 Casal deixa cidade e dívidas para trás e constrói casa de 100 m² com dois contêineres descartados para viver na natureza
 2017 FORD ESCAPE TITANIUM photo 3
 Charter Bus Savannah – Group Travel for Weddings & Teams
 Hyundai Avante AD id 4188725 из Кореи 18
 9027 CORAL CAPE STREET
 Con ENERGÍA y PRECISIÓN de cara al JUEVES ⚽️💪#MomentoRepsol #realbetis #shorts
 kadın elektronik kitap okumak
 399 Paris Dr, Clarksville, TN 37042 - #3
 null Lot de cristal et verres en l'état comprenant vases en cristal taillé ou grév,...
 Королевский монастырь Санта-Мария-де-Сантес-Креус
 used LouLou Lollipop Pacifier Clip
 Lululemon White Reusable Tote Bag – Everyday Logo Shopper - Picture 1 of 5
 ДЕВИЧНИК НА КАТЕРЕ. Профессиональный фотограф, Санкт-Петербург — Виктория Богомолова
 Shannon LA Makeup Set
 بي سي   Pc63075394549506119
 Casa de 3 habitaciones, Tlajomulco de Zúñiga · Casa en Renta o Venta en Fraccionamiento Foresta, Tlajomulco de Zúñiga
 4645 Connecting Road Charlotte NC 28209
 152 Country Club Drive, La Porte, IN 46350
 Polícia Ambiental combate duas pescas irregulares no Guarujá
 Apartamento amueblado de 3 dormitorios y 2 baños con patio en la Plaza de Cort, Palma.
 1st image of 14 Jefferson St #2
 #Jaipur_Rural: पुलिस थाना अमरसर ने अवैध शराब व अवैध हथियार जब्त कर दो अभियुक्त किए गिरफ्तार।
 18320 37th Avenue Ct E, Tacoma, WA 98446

::::::::

• Aim of the exercise: Exactly the lines from the one holding "9027 CORAL CAPE STREET" through the end of the records above are to be returned, and nothing else.

• Response to this task:
 9027 CORAL CAPE STREET
 Con ENERGÍA y PRECISIÓN de cara al JUEVES ⚽️💪#MomentoRepsol #realbetis #shorts
 kadın elektronik kitap okumak
 399 Paris Dr, Clarksville, TN 37042 - #3
 null Lot de cristal et verres en l'état comprenant vases en cristal taillé ou grév,...
 Королевский монастырь Санта-Мария-де-Сантес-Креус
 used LouLou Lollipop Pacifier Clip
 Lululemon White Reusable Tote Bag – Everyday Logo Shopper - Picture 1 of 5
 ДЕВИЧНИК НА КАТЕРЕ. Профессиональный фотограф, Санкт-Петербург — Виктория Богомолова
 Shannon LA Makeup Set
 بي سي   Pc63075394549506119
 Casa de 3 habitaciones, Tlajomulco de Zúñiga · Casa en Renta o Venta en Fraccionamiento Foresta, Tlajomulco de Zúñiga
 4645 Connecting Road Charlotte NC 28209
 152 Country Club Drive, La Porte, IN 46350
 Polícia Ambiental combate duas pescas irregulares no Guarujá
 Apartamento amueblado de 3 dormitorios y 2 baños con patio en la Plaza de Cort, Palma.
 1st image of 14 Jefferson St #2
 #Jaipur_Rural: पुलिस थाना अमरसर ने अवैध शराब व अवैध हथियार जब्त कर दो अभियुक्त किए गिरफ्तार।
 18320 37th Avenue Ct E, Tacoma, WA 98446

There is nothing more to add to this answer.